@inproceedings{chapman09vnuma,
author = "Matthew Chapman and Gernot Heiser",
title = "vNUMA: A Virtual Shared-Memory Multiprocessor",
booktitle = "USENIX'09",
year = 2009,
}
Notes from Zhonghua
Itanium architecture is not so frequently used today that the implementation of this design seems to be of no use in real-world computing.
In Sec 3.1, the author described the difficulties of "Diffing" with a detailed example. The problems of "Diffing" do exist and high influences the design accuracy and complexity. I think we may use a third state of "not modified" to present a byte that not have been changed. (The complexity of this third state can be further discussed).
In Sec 3.2.2, the author mentioned "For pages in write-update mode, vNUMA broadcasts writes to all nodes.". This may make vNUMA less scalable that it can only be used in small clusters.
In Sec 4.1, the author mentioned three mechanisms to avoid thrashing: 1) introduce an artificial delay to break the livelock; 2) Putting the machine into single-step mode after receipt of a page to guarantee that at least one instruction can be executed before a page is transferred; 3) Consult the performance-monitor register that counts retired instructions to determine whether progress has been made since the last page transfer.
In my opinion, I see no difference between the first 2 mechanisms. The second one is just putting the artificial delay mentioned in the first one to be exactly the running time of 1 instruction.
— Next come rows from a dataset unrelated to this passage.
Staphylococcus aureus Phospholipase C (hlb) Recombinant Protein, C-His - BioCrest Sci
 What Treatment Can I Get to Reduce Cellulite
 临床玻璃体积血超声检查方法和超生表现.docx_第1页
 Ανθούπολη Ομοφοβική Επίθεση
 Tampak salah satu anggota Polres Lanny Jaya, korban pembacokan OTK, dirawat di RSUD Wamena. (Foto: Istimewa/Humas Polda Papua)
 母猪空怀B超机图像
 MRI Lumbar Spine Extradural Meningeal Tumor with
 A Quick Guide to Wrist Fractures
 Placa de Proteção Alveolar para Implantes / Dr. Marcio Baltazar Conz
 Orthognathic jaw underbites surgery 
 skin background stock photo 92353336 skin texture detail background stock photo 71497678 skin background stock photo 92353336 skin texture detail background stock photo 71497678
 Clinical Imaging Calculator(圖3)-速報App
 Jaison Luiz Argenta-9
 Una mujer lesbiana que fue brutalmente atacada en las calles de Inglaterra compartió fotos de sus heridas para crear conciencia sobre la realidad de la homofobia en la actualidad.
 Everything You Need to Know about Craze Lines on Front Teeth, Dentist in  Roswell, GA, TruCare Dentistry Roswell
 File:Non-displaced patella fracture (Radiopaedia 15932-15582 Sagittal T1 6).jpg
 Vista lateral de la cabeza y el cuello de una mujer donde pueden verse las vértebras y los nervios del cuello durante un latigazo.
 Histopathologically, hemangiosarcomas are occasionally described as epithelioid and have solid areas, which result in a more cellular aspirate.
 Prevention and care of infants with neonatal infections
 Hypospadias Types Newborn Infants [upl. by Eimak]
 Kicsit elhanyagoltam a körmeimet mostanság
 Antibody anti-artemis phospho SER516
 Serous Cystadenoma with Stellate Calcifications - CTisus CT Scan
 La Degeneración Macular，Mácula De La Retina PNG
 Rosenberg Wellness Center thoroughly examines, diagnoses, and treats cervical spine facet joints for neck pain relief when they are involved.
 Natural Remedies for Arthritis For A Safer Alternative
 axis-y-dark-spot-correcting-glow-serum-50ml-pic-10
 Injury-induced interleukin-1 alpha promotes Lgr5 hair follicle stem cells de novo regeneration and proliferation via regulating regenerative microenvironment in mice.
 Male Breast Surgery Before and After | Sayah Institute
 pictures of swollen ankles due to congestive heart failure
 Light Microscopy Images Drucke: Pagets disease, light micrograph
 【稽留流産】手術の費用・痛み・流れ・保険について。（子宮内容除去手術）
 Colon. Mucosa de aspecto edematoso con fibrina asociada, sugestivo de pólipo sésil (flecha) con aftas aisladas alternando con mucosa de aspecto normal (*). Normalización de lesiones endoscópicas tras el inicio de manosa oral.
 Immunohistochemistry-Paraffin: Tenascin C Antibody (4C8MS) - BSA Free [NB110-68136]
(12-11-2010 05:03 PM)szh Wrote: [ -> ]In Sec 4.1, the author mentioned three mechanisms to avoid thrashing: 1) introduce an artificial delay to break the livelock; 2) Putting the machine into single-step mode after receipt of a page to guarantee that at least one instruction can be executed before a page is transferred; 3) Consult the performance-monitor register that counts retired instructions to determine whether progress has been made since the last page transfer.
In my opinion, I see no difference between the first 2 mechanisms. The second one is just putting the artificial delay mentioned in the first one to be exactly the running time of 1 instruction.
One difference between artificial delay and single-instruction trap is that the latter guarantees at least one instruction gets executed (progress made) upon every page fault. Artificial delays cannot make this guarantee no matter how long it waits.